I'm just so excited I had to tell somebody... and isn't The Fags like the greatest name for a band? "Ladies and Gentleman... put your hands together... for THE FAGS! God, that cracks me up.
Another good Uptown Mix will be The Flaming Lips with The Eels, August 6.
Monday, July 07, 2003
Friday, July 04, 2003
My wish for the year.
Ben Stiller and Owen Wilson should license ALL the old blonde/brunette buddy car drivin' TV shows for movie remakes. They've already got Starsky and Hutch. That leaves the Dukes of Hazard and Simon and Simon.
Still looking for those pesky weapons of mass destruction?
type "weapons of mass destruction" in the search field,
and then hit "I'm Feeling Lucky."
Wednesday, July 02, 2003
well GODDAMN Brook! We are not only at war with Iraq, but we are involved in an even more desperate war for the spiritual survival of our nation! You can't expect our leaders (such as esteemed hypocratian Senator Bill Frist) to worry about competent and affordable health care when there are QUEERS out there wanting to get married!!!!
jeeezzzz, Where's your patriotism?
Tuesday, July 01, 2003
Hello blog... been a long time, but i have a medical excuse. i herniated 2 disks in my back, and then got a blood clot, and also had some kind of weird puking fever. i've been sick for a month. hospitalized twice. i could go on and on about the shitty state of healthcare, but i think i'm just going to say this: why can't you shop for a physician the way you would shop for any other service? a lawyer or a landscape designer.
i've gone to the same doc for 7 years. she was the newest kid on the block when i got my healthcare plan, ergo she was the next available doc, ergo that's who i was told to go by my insurance plan. i didn't know anything about her -- what she studied in school or even WHERE she went to school. it wasn't like i could check her out and then go check out another doc. it was like, be damn glad you have insurance and shut the hell up.
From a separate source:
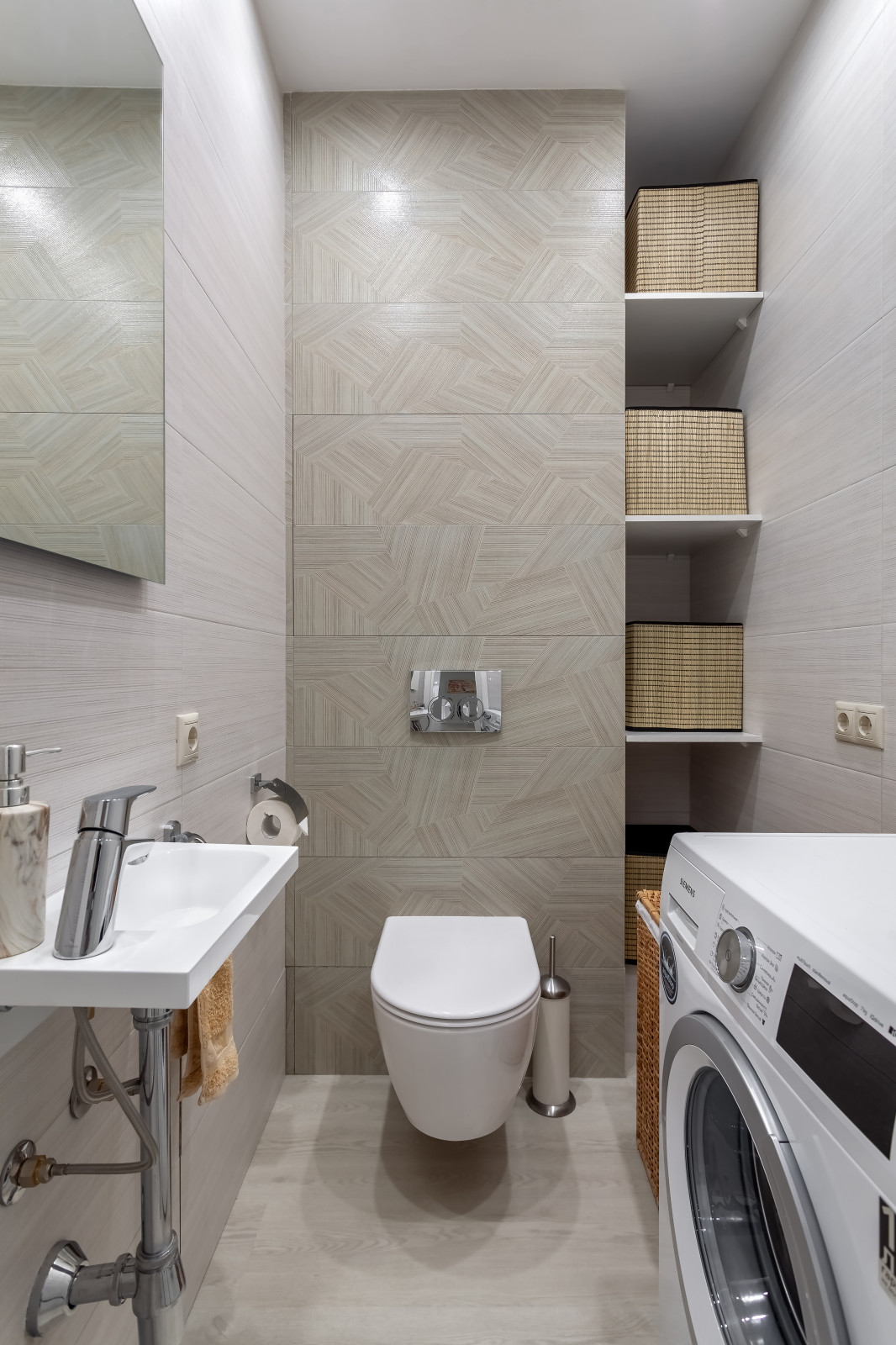 Воздушная квартира с яркими акцентами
why is this? you'd think that people would really care about knowing everything they can about their healthcare providers. but just try to find anything out. i know way more about a car before i buy it... or about computer or audio equipment. you at least get the brochure or surf the website... look at the specs... compare features. jeez -- with doctors, people you rely on to keep you alive -- you are expected to just take the next one available. that's if you're lucky enough to have insurance.
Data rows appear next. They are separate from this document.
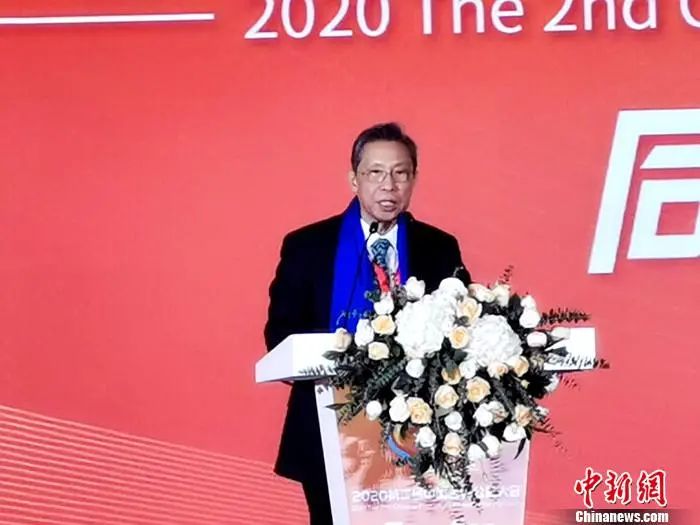 10月31日，中国工程院院士钟南山在2020第二届中国医师公益大会发言。中新网记者 李金磊 摄
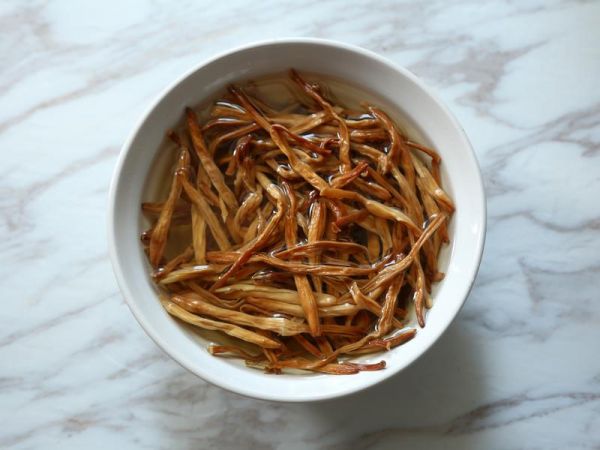 純奶手撕吐司的做法 步驟1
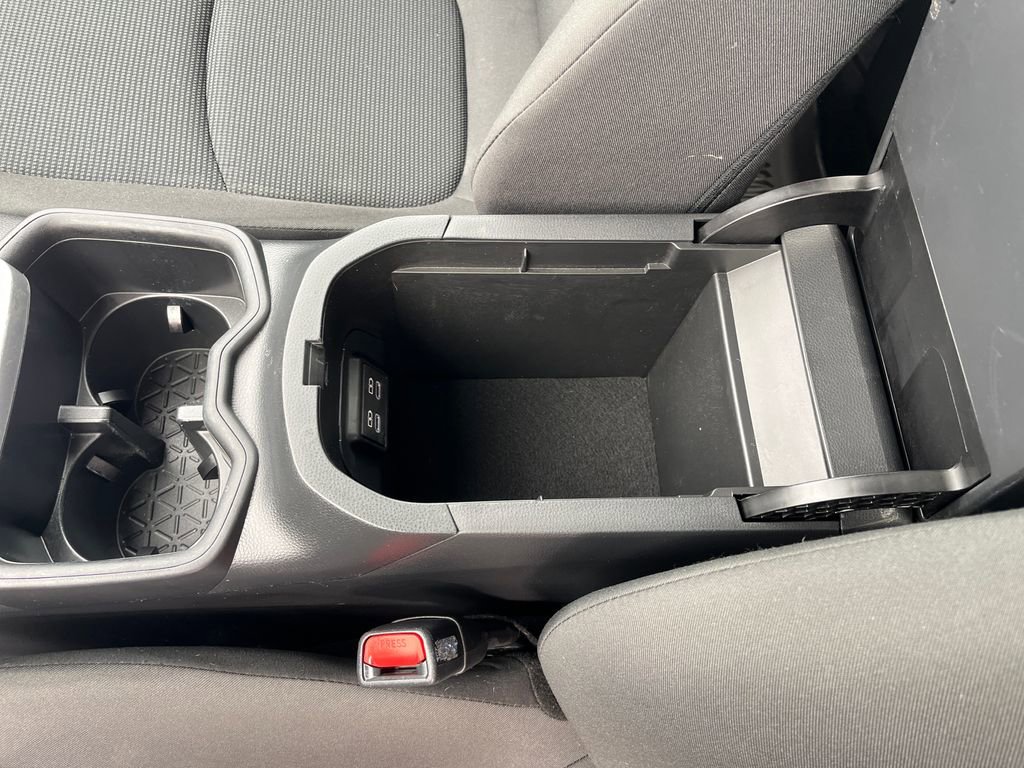 Certified 2023 Toyota RAV4 LE image 28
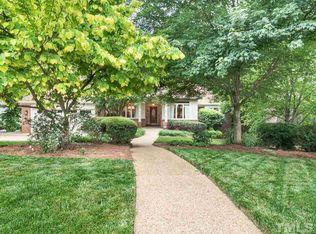 300 Southglen Dr, Cary, NC 27518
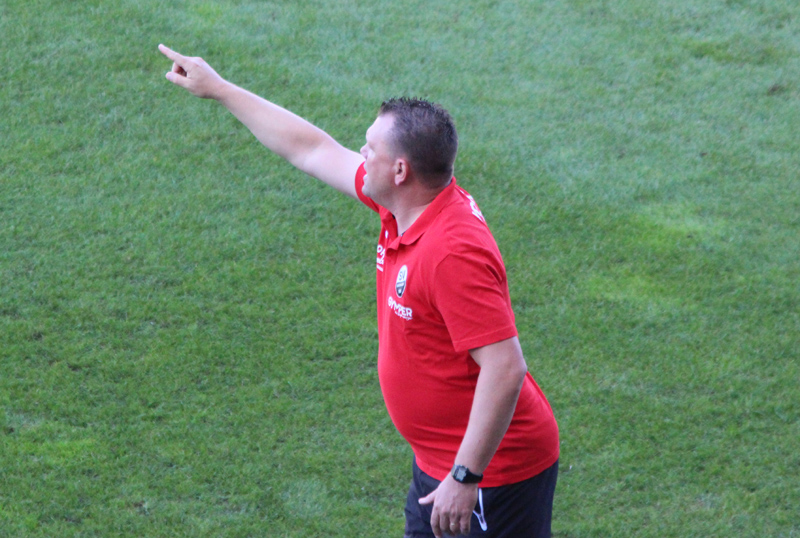 Ein am Spielfeldrand engagierter SVS-Trainer Uwe Koschinat gibt Anweisungen an seine Spieler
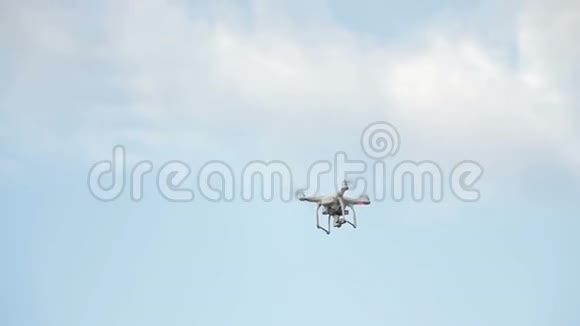 白色无人驾驶飞机在蓝天上飞行视频的预览图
you might be wondering what my doc did to piss me off so bad. it's not any one thing. it's a general state of bullshit. for instance, since this latest illness happened, she hasn't once conferred with me about what is wrong. she never said "this is what is wrong and this is what we are going to do." i've had to sleuth out my diagnosis -- and naturally i only have the most shallow (read: frightening) understanding of what it is. so... that pisses me off. every direct question i asked was met with a brush off.
here's another... how would you feel if you ask you doctor for help with pain management and they hand you a bag of samples and say, "i'm not sure what this is, but go ahead and take it and see what happens."
SEE WHAT HAPPENS! what the hell. let's not do that at all. lets find out what is in this medicine. lets see if it might interact with shit i'm already taking. i swear she gives out stuff from the sample cabinet b/c she's too busy to think about prescribing anything. LETS SEE WHAT HAPPENS! is this what healthcare has come to? are these people all on drugs?